Quantum Networking’s Economic and National Security Potential

The report opens by highlighting the significant but still evolving role that quantum networking could play in the United States’ future. It asserts that the technology could ultimately enhance national security by enabling more secure communication systems and improving various sensing capabilities. However, the report stresses that the full magnitude of this impact remains uncertain and can only be clarified through sustained R&D.

While quantum networking has yet to demonstrate its full practical potential, its long-term importance is clear. The committee adds: “Quantum networking capabilities will play a role in U.S. economic prosperity and national security, but the magnitude of that role will only be clarified through sustained research and development.”

The advisory committee believes that failing to invest in this area could result in the U.S. losing its competitive edge to other nations that are already aggressively pursuing quantum technologies.

Why Continued Investment Matters

To ensure the U.S. remains on top of quantum innovation, the NQIAC calls for ongoing federal support for quantum networking R&D. In particular, the committee highlights the need for investment across several critical areas, including:

  • Theoretical research to better understand the fundamental principles behind quantum networks.
  • Device development to advance the underlying hardware required to make quantum networks operational.
  • Systems integration to ensure that different quantum technologies can work together effectively within a network.

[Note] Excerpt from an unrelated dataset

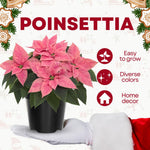 2 Poinsettia Plants Live, Peach Poinsettia Flowers Christmas Decorations, Holiday Houseplant, Poinsettias Trees Plants, No Pot, 5-9" Tall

Quantum networking’s ultimate applications are diverse. Among the most promising is quantum key distribution (QKD), which leverages the principles of quantum mechanics to create ultra-secure cryptographic keys. The technology could be used in sectors where secure communication is paramount, such as defense and finance. However, QKD has its challenges. As the report notes, the U.S. National Security Agency (NSA) does not yet approve QKD for national security purposes due to unresolved security issues and practical limitations.

Another promising area is distributed quantum computing, which involves connecting quantum processors over a network to create a larger, more powerful computing system. This approach could help overcome some of the scaling challenges currently facing quantum computing, such as the difficulty in building quantum computers with a high number of qubits on a single device. Quantum networks could also enable distributed quantum sensing, which would allow for ultra-sensitive measurements across great distances, improving technologies like GPS and astronomy.

The Role of Testbeds in Advancing Quantum Networking

One of the report’s key findings revolves around the term “testbeds.” In the quantum community, this term is often used ambiguously, leading to confusion about what a testbed entails.

The NQIAC report provides a clear definition: “A testbed is a platform or facility that is accessible to multiple users to conduct replicable and rigorous testing of component technologies, protocols, and systems integration.”

Testbeds differ from prototypes or demonstrators in that they allow for iterative, comparative testing of different technologies and configurations. The goal is not just to show that a particular technology works but to rigorously test it in different environments and use cases, allowing researchers to identify weaknesses and optimize performance.

This type of rigor is desperately needed in the quantum technology field because of its inherent complexities and vulnerabilities.

While there are already several quantum networking testbeds in operation around the world, including in the United States, the report notes that their practical or economic impact is still unclear. The NQIAC recommends that federal funding for testbeds be carefully allocated to ensure they are both “right-sized” and “properly timed.”

To put it more directly: testbeds should only be established when the underlying technology has reached a certain level of maturity and when there are clear objectives for what the testbed is meant to achieve.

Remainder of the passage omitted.